What the task asks: Retype the records below word for word and omit any image.

The input:

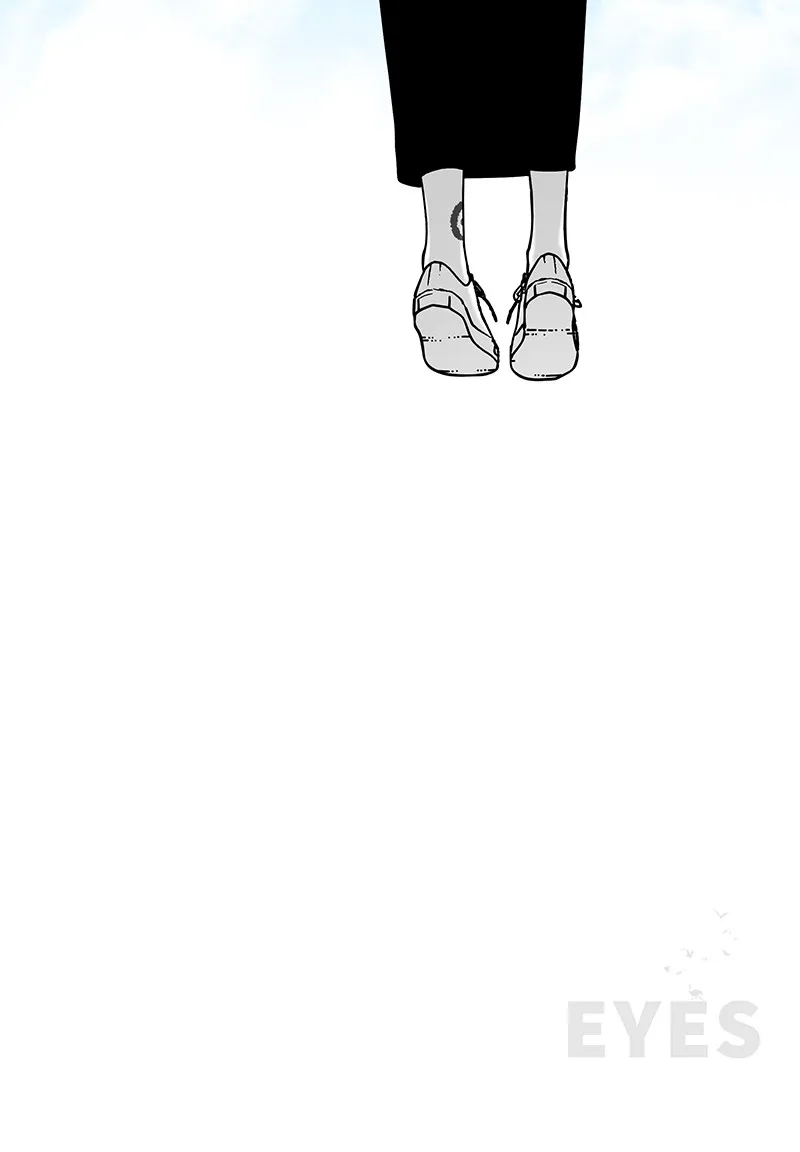 Read Eyes chapter 32 image 203 on Lezhin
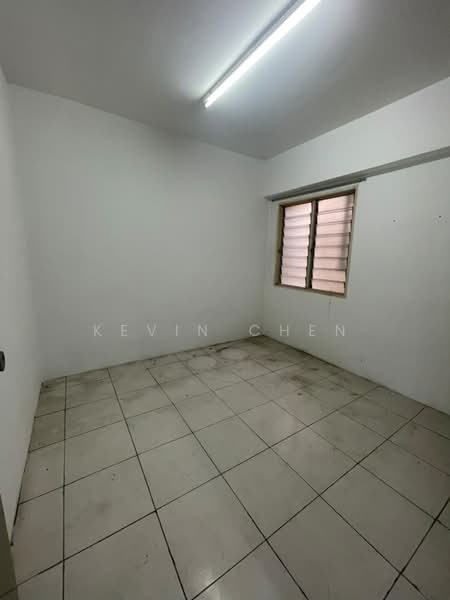 Rumah Flat untuk Dijual di Cemara - Kevin Chen - Interior - PropertyGuru.com.my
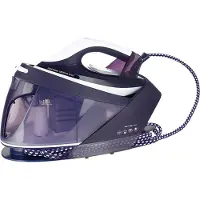Emerio SG-123562 Dampstrygestation Syrin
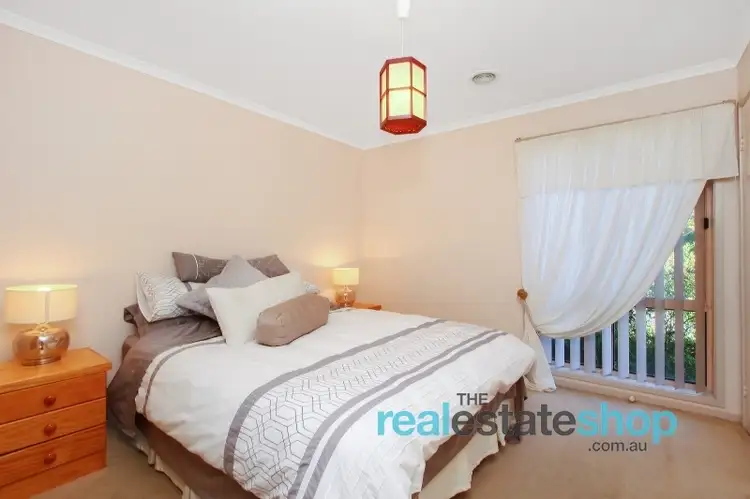 Sixth view of Homely house listing, 2 Laby Place, Theodore ACT 2905
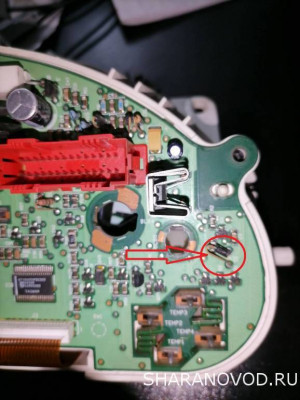 Подушка безопасности - 001_0.jpg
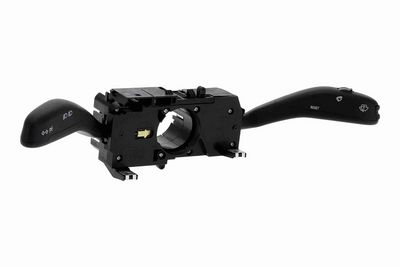 COMUTATOR COLOANA DIRECTIE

Answer section:
 Read Eyes chapter 32 image 203 on Lezhin
 Rumah Flat untuk Dijual di Cemara - Kevin Chen - Interior - PropertyGuru.com.my
Emerio SG-123562 Dampstrygestation Syrin
 Sixth view of Homely house listing, 2 Laby Place, Theodore ACT 2905
 Подушка безопасности - 001_0.jpg
 COMUTATOR COLOANA DIRECTIE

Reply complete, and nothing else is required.